In Science, students will perform experiments and participate in activities to learn about the science units. From kindergarten through 8th grade, students learn about the scientific method and inquiry process through an annual science fair where all students participate. Field trips and community involvement is core to our Science curriculum and is one of our fundamental elements to the program of instruction.
Kaleidoscope School will incorporate at least one lesson for every thematic unit with a structured play-based curriculum. Play provides opportunities for growth in cognitive, social, emotional, and physical domains. Students learn cognitive skills, problem solving skills, creativity, compromising, and self-regulation.
As students’ progress at Kaleidoscope, structured play will take on different forms. For example, in Kindergarten and 1st grade, teachers will utilize dolls and trucks to reinforce skills being taught. The dolls will not only be used to reinforce social emotional skills, they will also be used to count fingers, to recreate a historical scene, and to bring a story to life. Trucks will be used to help solve science experiments and do math by counting the tires.
By 2nd and 3rd grade, the structured play will transition to looking more like a scavenger hunt, finding clues. The students will walk into class, ready to learn a thematic unit about Rome. Students will be given clues that they must solve in order to get to the next major event that happened during that time. 4th and 5th graders will have their classroom transformed to represent a historical period in which students have opportunities to explore books about that event, touch artifacts, write letters, draw pictures of the event.

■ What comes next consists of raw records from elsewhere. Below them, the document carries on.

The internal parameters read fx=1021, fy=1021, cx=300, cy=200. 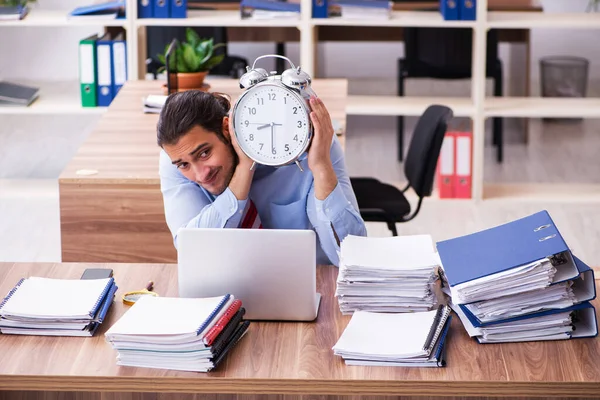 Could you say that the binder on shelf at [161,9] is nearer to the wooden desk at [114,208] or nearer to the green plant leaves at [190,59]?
the green plant leaves at [190,59]

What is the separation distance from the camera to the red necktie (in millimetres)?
2701

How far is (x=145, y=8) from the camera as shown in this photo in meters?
5.24

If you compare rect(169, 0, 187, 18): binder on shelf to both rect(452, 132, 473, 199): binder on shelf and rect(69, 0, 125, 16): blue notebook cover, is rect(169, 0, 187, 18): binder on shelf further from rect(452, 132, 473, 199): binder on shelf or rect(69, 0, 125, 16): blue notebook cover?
rect(452, 132, 473, 199): binder on shelf

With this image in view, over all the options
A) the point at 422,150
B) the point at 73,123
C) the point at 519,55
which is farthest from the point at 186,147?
the point at 519,55

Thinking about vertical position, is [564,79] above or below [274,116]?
below

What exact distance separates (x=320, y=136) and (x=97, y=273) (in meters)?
0.65

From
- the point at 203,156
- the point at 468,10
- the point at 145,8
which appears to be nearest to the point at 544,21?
the point at 468,10

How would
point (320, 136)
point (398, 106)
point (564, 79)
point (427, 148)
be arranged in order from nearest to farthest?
point (320, 136) → point (427, 148) → point (398, 106) → point (564, 79)

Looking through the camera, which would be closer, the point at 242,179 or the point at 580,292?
the point at 580,292

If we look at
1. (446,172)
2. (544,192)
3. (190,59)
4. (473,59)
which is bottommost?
(544,192)

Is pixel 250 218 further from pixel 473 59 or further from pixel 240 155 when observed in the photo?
pixel 473 59

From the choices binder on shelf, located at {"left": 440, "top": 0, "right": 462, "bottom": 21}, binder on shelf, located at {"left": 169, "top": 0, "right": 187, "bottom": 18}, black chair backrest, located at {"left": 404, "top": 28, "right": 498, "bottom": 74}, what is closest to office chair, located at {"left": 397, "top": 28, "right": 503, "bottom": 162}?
black chair backrest, located at {"left": 404, "top": 28, "right": 498, "bottom": 74}

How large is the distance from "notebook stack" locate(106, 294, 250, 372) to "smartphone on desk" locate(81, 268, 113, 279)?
1.11 feet

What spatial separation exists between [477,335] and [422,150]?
1868mm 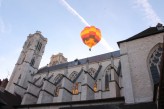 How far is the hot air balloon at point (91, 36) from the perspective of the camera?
11159mm

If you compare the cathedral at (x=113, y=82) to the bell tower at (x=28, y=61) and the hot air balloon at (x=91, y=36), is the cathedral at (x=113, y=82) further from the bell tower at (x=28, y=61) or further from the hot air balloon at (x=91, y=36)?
the hot air balloon at (x=91, y=36)

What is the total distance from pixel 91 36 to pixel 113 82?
716 centimetres

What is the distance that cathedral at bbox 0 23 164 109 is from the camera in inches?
A: 447

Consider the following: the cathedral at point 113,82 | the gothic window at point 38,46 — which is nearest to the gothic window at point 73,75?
the cathedral at point 113,82

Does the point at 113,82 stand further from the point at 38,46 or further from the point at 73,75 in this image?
the point at 38,46

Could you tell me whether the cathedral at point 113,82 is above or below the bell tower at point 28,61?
below

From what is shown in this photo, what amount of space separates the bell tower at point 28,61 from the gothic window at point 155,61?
71.9ft

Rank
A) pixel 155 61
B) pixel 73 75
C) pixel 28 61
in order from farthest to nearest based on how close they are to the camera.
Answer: pixel 28 61, pixel 73 75, pixel 155 61

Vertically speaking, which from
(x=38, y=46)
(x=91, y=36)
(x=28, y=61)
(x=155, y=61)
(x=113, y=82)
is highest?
(x=38, y=46)

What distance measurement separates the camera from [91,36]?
11.2 meters

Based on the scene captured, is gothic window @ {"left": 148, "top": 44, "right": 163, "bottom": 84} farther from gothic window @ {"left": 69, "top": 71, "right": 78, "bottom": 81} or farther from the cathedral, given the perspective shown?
gothic window @ {"left": 69, "top": 71, "right": 78, "bottom": 81}

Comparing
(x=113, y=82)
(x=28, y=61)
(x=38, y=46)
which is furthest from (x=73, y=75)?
(x=38, y=46)

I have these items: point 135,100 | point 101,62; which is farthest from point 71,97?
point 135,100

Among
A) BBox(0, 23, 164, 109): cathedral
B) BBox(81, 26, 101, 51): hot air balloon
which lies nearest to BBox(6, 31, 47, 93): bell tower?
BBox(0, 23, 164, 109): cathedral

Finally, in 6th, 7th, and 8th grade, structured play will incorporate technology; taking the current popular video game and incorporating math and science into that game, following up with some hands-on activity to end the unit. The goal of the structured play is to utilize developmentally appropriate play at each grade so that students higher order thinking skills as well as incorporate social skills.
In each grade’s weekly schedule, there will be time dedicated to Exploratorium. Social Studies and Science need extra time, especially when doing a play or performing an experiment. The Exploratorium time will be dedicated to this type of enrichment. As the units are integrated, this time may also be considered extra English Language Arts or Math time as well.